Neyse ki yerliler, yabancıları taklit etmenin işe yaramadığını kısa sürede anladı, aslına döndü. Güçlü yabancılar bir pazara girince, pazarı değiştirirler. İleri üretim teknikleriyle maliyet yapısını, ileri pazarlama teknikleriyle tüketici algısını değiştirirler. Büyük oynar, büyük harcar, büyük kazanırlar. 60’larda hayatımıza margarinle kola nasıl girdiyse, 80’lerde hamburgerle pizza da öyle girdi. Yabancıların pazardan ne pay aldığını görmek için canlı bir alışveriş merkezine gidin, gıda katındaki müşterilerin kaçının nereden yiyecek aldığını, ambalajlarına bakarak sayın. Genelde göreceğiniz tablo, az sayıda yabancının her birinin %15-30, çok sayıda yerlinin her birinin %1-5 pay aldığıdır.
Yerlinin farkı
Bu bariz üstünlüğün nedenini anlamadan, sadece yabancıyı taklit ederek onları geçemezsiniz. Hata yapmalarını bekleyip işinizi şansa bırakamazsınız. Yabancıların avantajı, ileri işletme ve pazarlama teknikleri kullanarak tüketiciye güven veriyorlar. Pahalı ekipman kullanıyor, düz elemanlarla etkin çalışıyorlar. Yerlilerin avantajı, tüketicinin sevdiği, alıştığı yöresel ürünleri sunuyorlar. Ucuz ekipman kullanıyor, uzman elemanla çalışıyorlar. Ustaya bağımlı olduğu için kolay büyüyemiyor, zincirleşse kalite standardı bozuluyor. Merkezi üretim yapsa maliyet şişiyor. Yabancıya benzemeye çalışsa yatırım artıyor. Pahalı otomatik ekipman kullansa otantik lezzet bozuluyor.
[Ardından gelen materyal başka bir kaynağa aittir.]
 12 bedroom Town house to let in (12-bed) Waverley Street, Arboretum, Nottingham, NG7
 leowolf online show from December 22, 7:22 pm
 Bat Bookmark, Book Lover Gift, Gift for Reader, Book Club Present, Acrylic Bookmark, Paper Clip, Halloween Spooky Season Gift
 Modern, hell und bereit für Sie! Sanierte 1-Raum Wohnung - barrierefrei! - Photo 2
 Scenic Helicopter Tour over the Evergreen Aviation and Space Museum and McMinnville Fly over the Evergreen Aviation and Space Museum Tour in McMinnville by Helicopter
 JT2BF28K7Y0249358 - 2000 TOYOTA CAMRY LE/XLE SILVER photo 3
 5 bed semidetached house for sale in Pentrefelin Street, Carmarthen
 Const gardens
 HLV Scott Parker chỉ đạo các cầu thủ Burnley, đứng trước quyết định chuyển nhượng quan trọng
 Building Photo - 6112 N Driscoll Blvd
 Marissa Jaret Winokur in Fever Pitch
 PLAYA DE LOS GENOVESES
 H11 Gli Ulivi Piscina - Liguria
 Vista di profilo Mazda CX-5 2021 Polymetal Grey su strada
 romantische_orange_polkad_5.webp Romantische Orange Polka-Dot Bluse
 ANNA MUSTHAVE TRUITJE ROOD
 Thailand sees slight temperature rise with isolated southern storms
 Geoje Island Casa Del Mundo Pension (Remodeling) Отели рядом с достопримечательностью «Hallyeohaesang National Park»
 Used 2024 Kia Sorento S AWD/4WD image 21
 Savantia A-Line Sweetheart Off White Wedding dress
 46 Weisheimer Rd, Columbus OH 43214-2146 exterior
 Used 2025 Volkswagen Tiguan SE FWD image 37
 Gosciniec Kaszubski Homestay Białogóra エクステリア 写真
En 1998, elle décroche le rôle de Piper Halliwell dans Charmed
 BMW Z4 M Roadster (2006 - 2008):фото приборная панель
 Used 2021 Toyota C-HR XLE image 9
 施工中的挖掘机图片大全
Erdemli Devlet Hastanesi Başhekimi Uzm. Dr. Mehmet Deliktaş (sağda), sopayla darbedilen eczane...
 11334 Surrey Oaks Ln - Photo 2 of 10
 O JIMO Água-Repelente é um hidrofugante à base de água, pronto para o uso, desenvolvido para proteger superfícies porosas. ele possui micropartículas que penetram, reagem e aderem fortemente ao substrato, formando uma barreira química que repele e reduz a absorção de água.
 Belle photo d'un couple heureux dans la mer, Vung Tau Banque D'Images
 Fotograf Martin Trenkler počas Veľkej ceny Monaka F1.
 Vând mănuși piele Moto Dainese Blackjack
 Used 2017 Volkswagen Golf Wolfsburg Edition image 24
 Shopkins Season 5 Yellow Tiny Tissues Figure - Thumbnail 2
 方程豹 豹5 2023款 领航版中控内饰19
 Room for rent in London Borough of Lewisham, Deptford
Örnek verelim. Pide, lahmacun otantik usulde taşfırında pişer, Trabzon pidesi kapalı uzun, Samsun pidesi açık yuvarlak, Antep lahmacunu sarımsaklı, Urfa lahmacunu isotlu olur. 1990’larda yabancı pizza zincirleri geldi, konveyörlü fırınla maliyet düşürdü, paket serviste bir alana bir bedava verdi, pazarı ele geçirdi. 2000’lerde pideciler yabancıları taklit edip konveyörlü fırın kullandı, otantik lezzet kalmayınca paket servis pazarına pizza hakim oldu. 2010’larda pide zincirleri AVM lerde konveyörlü fırın, uygun fiyat, etkin tanıtımla pizzayı geçti. 2020’lerde lahmacuncular caddelerde taşfırında otantik lezzetle, değerine satarak pizzadan müşterisini geri aldı. Sonuç olarak yabancıyı yarım taklit fayda sağlamaz, ya tam taklit edip ondan daha iyi olmak, veya kendi yolundan gitmek lazım.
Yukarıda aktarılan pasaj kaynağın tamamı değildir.